_Supplied data_.
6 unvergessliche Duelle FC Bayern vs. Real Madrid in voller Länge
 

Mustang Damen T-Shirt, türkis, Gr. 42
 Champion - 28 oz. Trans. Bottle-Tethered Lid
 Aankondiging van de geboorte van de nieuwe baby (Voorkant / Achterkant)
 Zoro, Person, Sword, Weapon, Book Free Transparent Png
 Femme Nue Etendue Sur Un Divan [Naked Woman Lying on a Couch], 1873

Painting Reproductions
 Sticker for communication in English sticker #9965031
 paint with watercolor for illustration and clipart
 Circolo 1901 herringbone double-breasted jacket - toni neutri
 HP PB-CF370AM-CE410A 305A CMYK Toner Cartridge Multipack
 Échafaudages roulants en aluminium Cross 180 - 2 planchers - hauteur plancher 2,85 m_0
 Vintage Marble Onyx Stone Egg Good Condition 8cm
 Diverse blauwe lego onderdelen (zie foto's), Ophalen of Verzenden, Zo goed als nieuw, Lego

_What this task involves_.
Output must consist only of the listing's lines from the first through the line with "Zoro, Person, Sword, Weapon, Book", reproduced word for word.

_Task solution_.
6 unvergessliche Duelle FC Bayern vs. Real Madrid in voller Länge
 

Mustang Damen T-Shirt, türkis, Gr. 42
 Champion - 28 oz. Trans. Bottle-Tethered Lid
 Aankondiging van de geboorte van de nieuwe baby (Voorkant / Achterkant)
 Zoro, Person, Sword, Weapon, Book Free Transparent Png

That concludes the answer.